Bu göstergelere paralel olarak kalkınmakta olan bir ülkede alış veriş merkezleri mantar gibi çoğalır. Yüzlerce yeni iş yeri açılır, kimi yerde ithal ve pahalı eşyaların satıldığı yerler, değişik isimler altında buralarda sergilenir. İlk açılanlardan biri de Ankara’da ki Atakule olarak anılır. Bu mekanı dün gezmek istedim . Bütün dükkanların, Migros ve Vakıf Bank haricinde, kapanmış olduğunu üzülerek seyrettim. Geçen hafta Mersin’de yeni açılan Alış Veriş Merkezini gezmeye gittim.
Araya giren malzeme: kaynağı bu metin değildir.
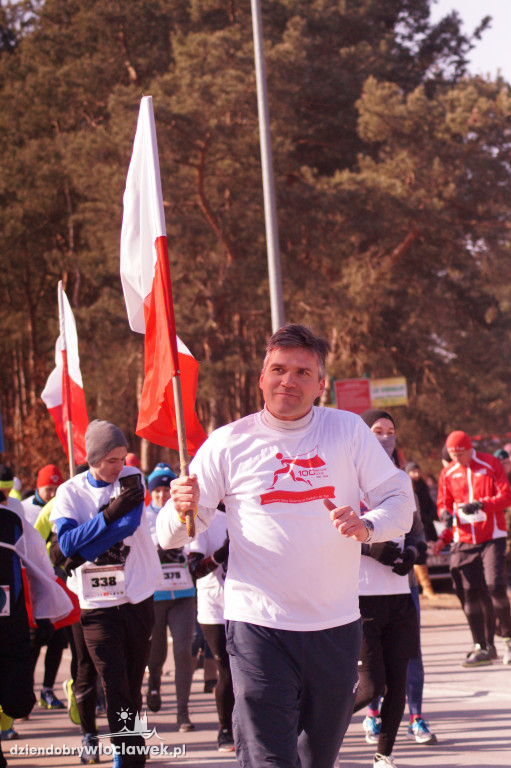 Włocławski bieg Tropem Wilczym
Koridorlarda dolaşan yüzlerce vatandaşın saadece vitrin seyrettiğini izlemek de bana hüzün verdi. Bu duygularla düşünceli otele gitmek için bir taksi ararken, bu alışveriş merkezinin karşısında bir manav dükkanı dikkatimi çekti. Değişen Türkiye’de Sebze ve Meyva sergileyen bu mağazanın üzerinde, çağa ayak uyduran bir tabela vardı ‘’ SEBZE VE MEYVA SHOPPİNG CENTER ‘’. Güldüm, ne de olsa rekabet var diye düşündüm.
Tabela merakım oldum olası vardır benim. Nerede bir değişik cümle görsem okur, sonra değerlendiririm. Kimi zaman yazıların neyi içerdiğini anlamakta güçlük çekerim. O kadar anlaşılmaz kelimeler kullanılır ki, gülmekle ağlamak arasında kalırım. Fakat bu yazıları bir Devlet Kurumunda görünce nasıl yorumlayacağım üzerinde endişelerim olur. Geçtiğimiz hafta YÖK`de bir dostumu ziyarete gittim. Öğlen arası olduğu için yan binadaki kurumun yemekhanesinde yemek almak teklifine hayır demedim.
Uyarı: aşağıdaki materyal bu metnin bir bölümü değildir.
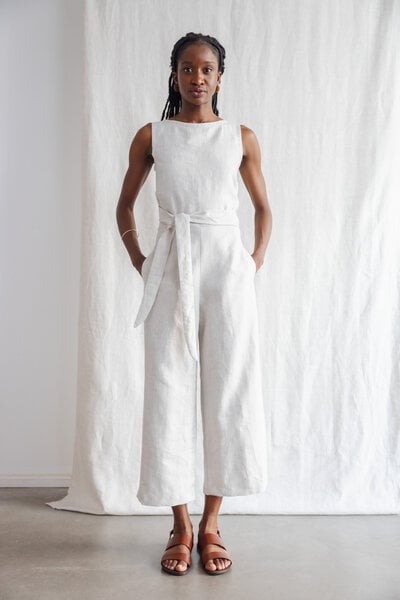 Jyoti - Fair Works Jumpsuit Anusha Hanf von Jyoti - Fair Works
Yan binadaki Kurumun üzerinde yazılı kelimeleri görünce hayret ettim. ÖSYM nin açılımı vardı. Gözümle gördüğümde ağzım açık kaldı. Bir kenara kayıt ettim . Daha sonra Üniversitede hoca olan arkadaşlarıma bu harflerin neyi ifade ettiğini sordum. Aldığım cevap çoğunlukla ‘’ Öğrenci Seçme Yerleştirme Merkezi‘’ olarak tanımladılar. Fakat söylenen ilk kelime benim gördüğümle aynı değildi. İnanmayacaksınız ‘’Ö’’ harfi ‘’ÖLÇME’’ olarak kurumun kapısında yazılmakta. ‘’Ölçme Seçme Yerleştirme Merkezi ‘’, haydi hayırlısı.
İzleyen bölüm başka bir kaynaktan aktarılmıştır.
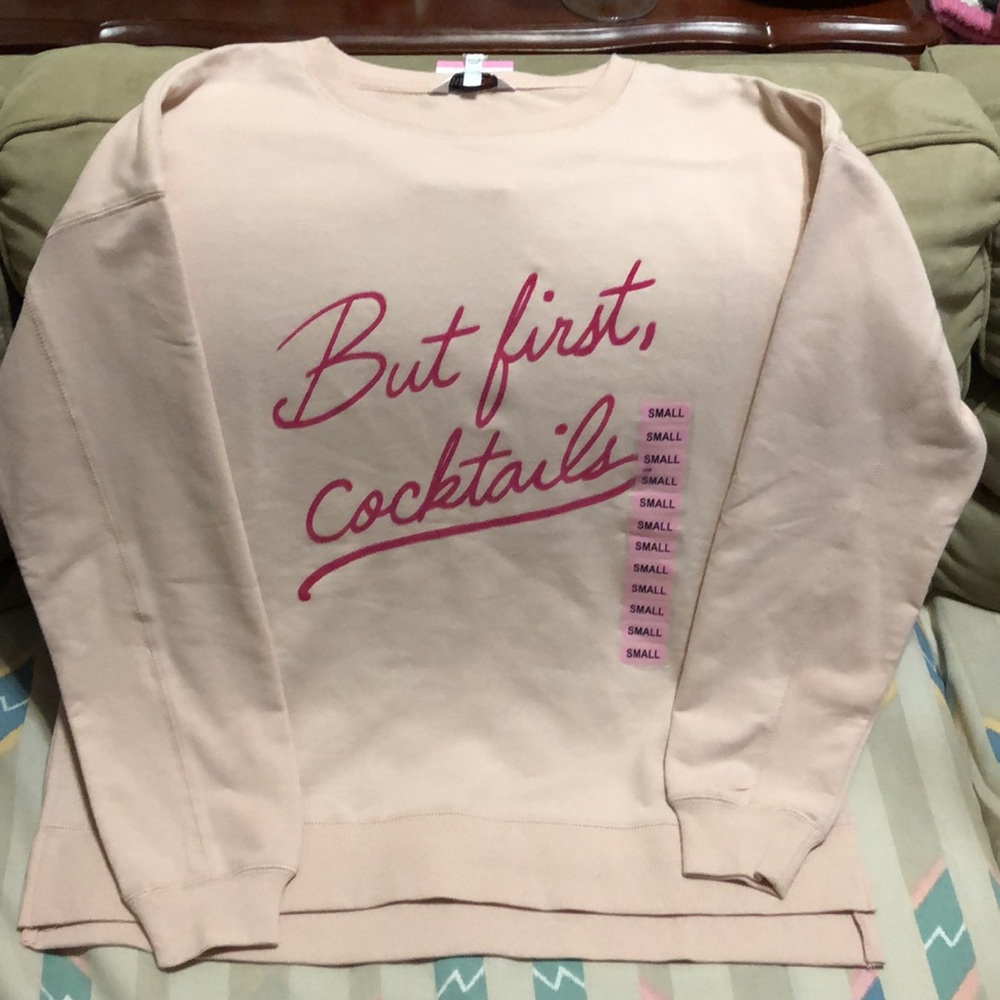 Ladies Wildfox Sweatshirt - Picture 12 of 12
Hafta sonu Bodrum‘da mezuniyetimizin 50 yılını kutlamak için toplandık. Muhteşem bir organizasyonla Bodrum’daki büyük bir otelde buluştuk. Elli sene evveline uçtuk. Elli sene dile kolay, elli sene görmediğim okul arkadaşlarımla karşılaştım. Kimi arkadaşlarımı tanımakta çok güçlük çektim. Baştan kendilerine söyledim’’ Beni Bağışlayın benim ismim Metin, sizin isminiz ?‘’ diyerek, mertçe kendimi tanıttım.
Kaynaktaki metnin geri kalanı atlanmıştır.